There is a mystery surrounding Tony Blair's discreet return to London from holiday yesterday and it is why he has so singularly failed to rise to the occasion of the tsunami tragedy. It is not a question of whether he should have remained on holiday or not. You can argue it both ways: that the country needed a voice for their concerns or that it doesn't make much practical difference whether he was here or there. Nor is it simply a matter of public expectation. After Iraq, there are an awful lot of voters who have had quite enough of Mr Blair's brand of caring concern without wishing more of it on this occasion.

The oddity is simply that the Prime Minister, who barely said a word during week after the disaster and only gave one rather abstract television interview, isn't the Tony Blair of five or even a couple of years ago. The parallel is not so much with the death of Diana as with 11 September. Then Mr Blair caught exactly the mood of grief and of resolution in his first reaction at the TUC conference, in his speech to the Labour conference and in his visit to the US. It was President Bush, slow to react and uncertain in his response who seemed the lesser politician.
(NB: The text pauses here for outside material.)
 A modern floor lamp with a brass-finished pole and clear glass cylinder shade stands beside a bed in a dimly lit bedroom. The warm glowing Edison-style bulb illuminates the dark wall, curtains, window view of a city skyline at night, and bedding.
Now it is the other way round. After an initial silence, it has been Mr Bush who has taken to the cameras and put his mark on America's response and Mr Blair who seems reluctant still either to comprehend the magnitude of the disaster or to try and ride the wave of compassion that has followed. Here is Bill Clinton's greatest pupil in the politics of tone. How can he have missed out on such a moment?

All sorts of reasons have been put forward for the change. The simplest is the human one. After seven years in power, under unrelenting pressure, politicians do genuinely need time off with their family. Mr Blair is not a man who shows the kind of agonising self-doubt that have crippled predecessors such as Anthony Eden and Jim Callaghan. If anything he seems entirely comfortable with power and its exercise. But the strain on close relations can be huge. The need to devote more time to your family is not just an empty phrase for departing ministers.
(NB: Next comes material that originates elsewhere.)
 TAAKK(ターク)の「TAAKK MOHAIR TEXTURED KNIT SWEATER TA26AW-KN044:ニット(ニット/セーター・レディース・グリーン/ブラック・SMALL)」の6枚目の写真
Yet those who seek power must be prepared to sacrifice for it - a point which ministers seem reluctant to grasp. Quite aside from the personal, there is something different about the Prime Minister today from the Tony Blair of yesterday. It's partly the attrition in his private office. Robin Butler, former head of the civil service, was last month bemoaning the decline in cabinet government in favour of a presidential style of centralised decision making - a complaint voiced widely in private by senior civil servants. But the interesting thing is not the sense of control by Number 10, strong though that was in the early years, but the extent to which it has been contracting in on itself of late.

The Prime Minister has lost most of his early companions in the inner sanctum, to be replaced by much more conventional types, and he himself has seemed less confident in his decisions. I don't think that he would have been so backward in coming forward had Alastair Campbell still been there. Nor do I think he would seem so divorced from the action had it not been for Iraq.
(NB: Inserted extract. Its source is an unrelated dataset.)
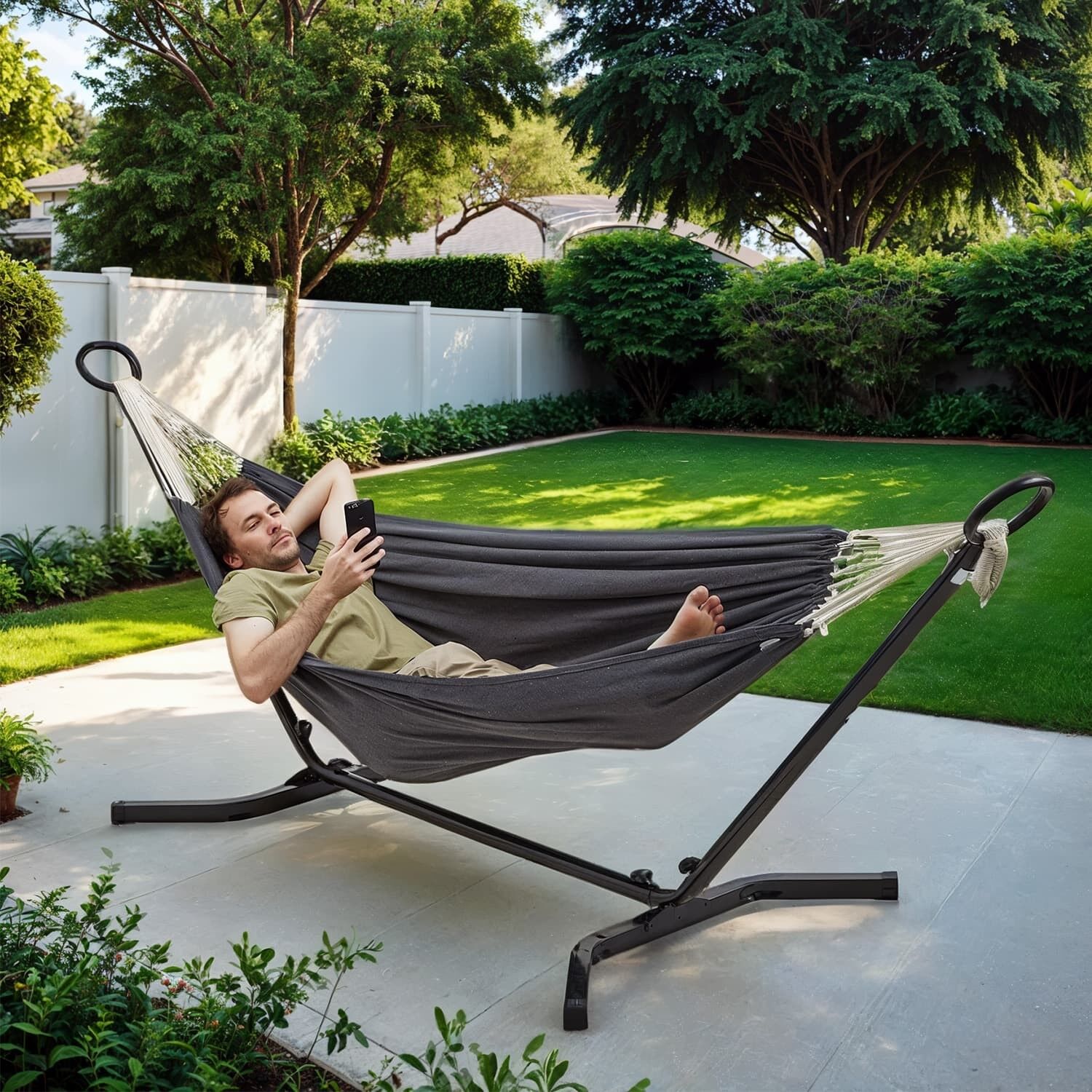 Amaca con struttura, 210 x 150 cm, amaca doppia con regolazione dell'altezza in 5 posizioni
The effect of that fateful decision to go along with the invasion has changed all for the Prime Minister, not least his own sense of the public mood. To this day he seems to find it hard not so much to acknowledge as to understand why so many continue to be quite so angry about it. "Why can't people," he is wont to complain, "learn to accept my sincerity in going to war just as I accept their good faith in opposing it."

That argument will probably never be settled. But its effect has been to undermine the Prime Minister's confidence in his own touch. Like an actor, a politician needs the sense of connection with his audience to keep going, which is why so many retreat to their core supporters when the going gets rough. But Mr Blair has no natural constituency to fall back on and the lack of it shows in the curious loss of electricity in his public performances ever since Dr Kelly's death rudely interrupted his triumphal visit to Washington and China in 2003.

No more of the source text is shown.